Preconceito por ser vegano: o calvário de um titular do Boca na Argentina
Tales Torraga
O Boca Juniors que enfrenta o Palmeiras hoje (25) às 21h45 (de Brasília) na Bombonera vai contar com a entrada do volante colombiano Sebastián Pérez, que fará sua primeira partida como titular nesta Libertadores. Recuperado de um rompimento dos ligamentos cruzados do joelho esquerdo sofrido há um ano, ele foi notícia frequente até mesmo durante o seu período de afastamento.
A razão?
Pérez é um dos únicos atletas que se dizem veganos em uma Argentina que é a ''terra do churrasco'' e carnívora como poucas outras nações do mundo.
Uma verdadeira elucubração invadiu as discussões sobre o seu futebol e a sua alimentação. Na lógica de muitos torcedores e até de alguns jornalistas, Pérez, afinal, se machucou e demorou tanto para voltar a jogar por ser…vegano.

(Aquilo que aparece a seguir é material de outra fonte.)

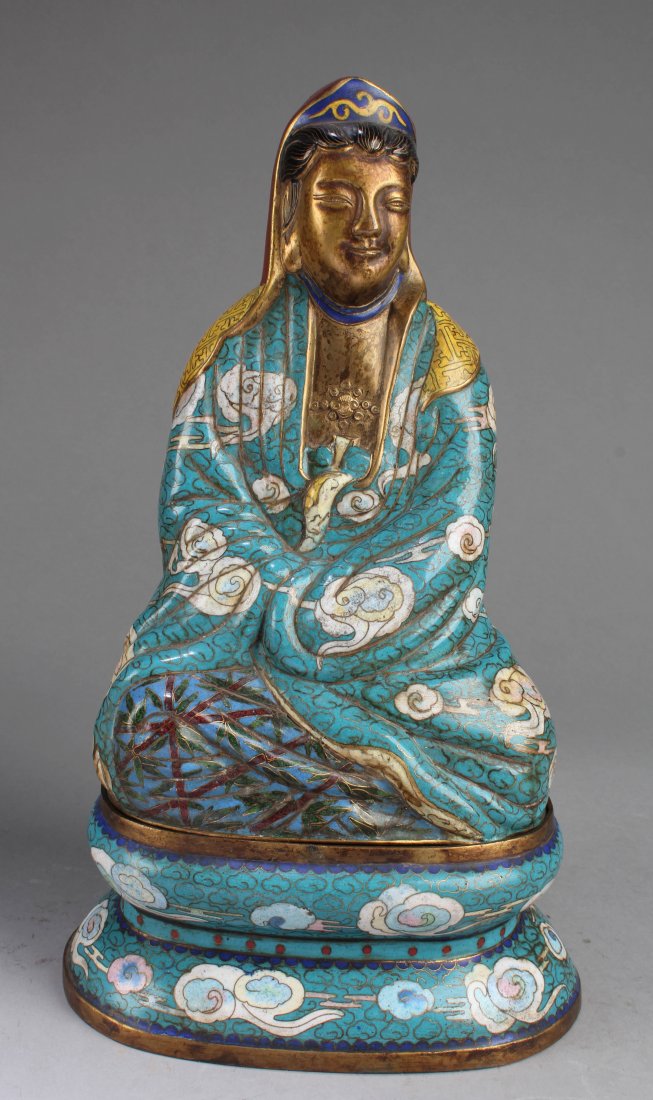 Chinese Cloisonne Guanyin Statue (1 of 4)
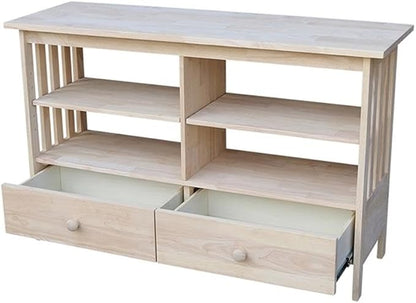 IC International Concepts, Mission Entertainment/TV Stand, Solid Real Wood - Image 5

Basta ver o trecho de uma entrevista sua nesta segunda-feira (23) em Buenos Aires ao apresentador Colorado Liberman, do Fox Sports local.
Pérez saiu-se com essa:
''É um tabu que se tem com este tipo de alimentação na Argentina. Há atletas de alto rendimento que são veganos. Nunca fui de físico grande e sabia que iam começar a falar sobre minha alimentação, porque não é comum no futebol.''
''Se um jogador que come de tudo fica machucado e não pode jogar, ninguém vai dizer nada. Mas ocorre comigo e passam a dizer que eu não jogo porque sou vegano. Já estou preparado mentalmente para isso. Estou em um bom nível e preparado para ocupar este espaço no Boca. É o que importa para mim.''
Sebastián está com 25 anos e chegou ao Boca em dezembro de 2016, depois de se destacar no Atlético Nacional campeão da Libertadores daquele ano e ocupar um espaço cativo na seleção da Colômbia. Sua chegada a Buenos Aires ocorreu com ares de estrela, até pelo look despojado e de fácil semelhança com os argentinos cabeludos dos anos 80 e 90. Sua contratação custou US$ 3 milhões ao Boca.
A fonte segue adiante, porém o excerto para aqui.